> _What is being asked_:
Would you transcribe the whole listing exactly, minus its pictures?

> _Extracted information_:
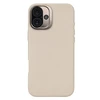 Image de DECODED Coque en cuir pour iPhone 16 Plus Beige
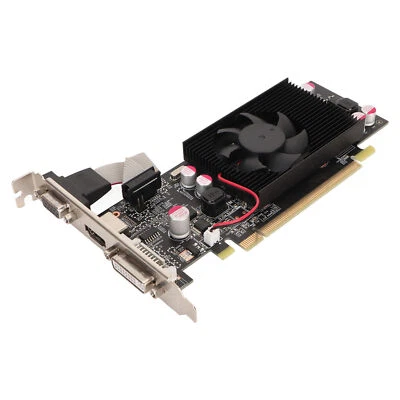 GT210 1G DDR2 64bit Graphics Card Support DVI VGA HD Multimedia Interface Fo Kit - Image 1 of 4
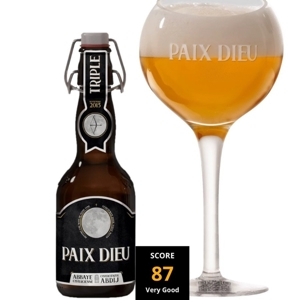 Bia Nữ Tu Paix Dieu 10% chai 330ml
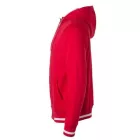 James & Nicholson Men's Club Sweat Jacket 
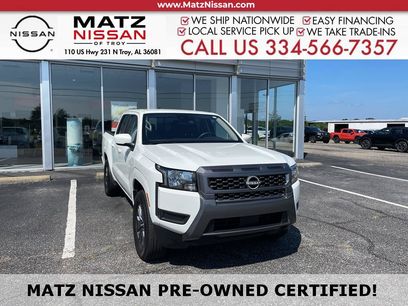 Certified 2025 Nissan Frontier SV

> _Solution for this task_:
 Image de DECODED Coque en cuir pour iPhone 16 Plus Beige
 GT210 1G DDR2 64bit Graphics Card Support DVI VGA HD Multimedia Interface Fo Kit - Image 1 of 4
 Bia Nữ Tu Paix Dieu 10% chai 330ml
 James & Nicholson Men's Club Sweat Jacket 
 Certified 2025 Nissan Frontier SV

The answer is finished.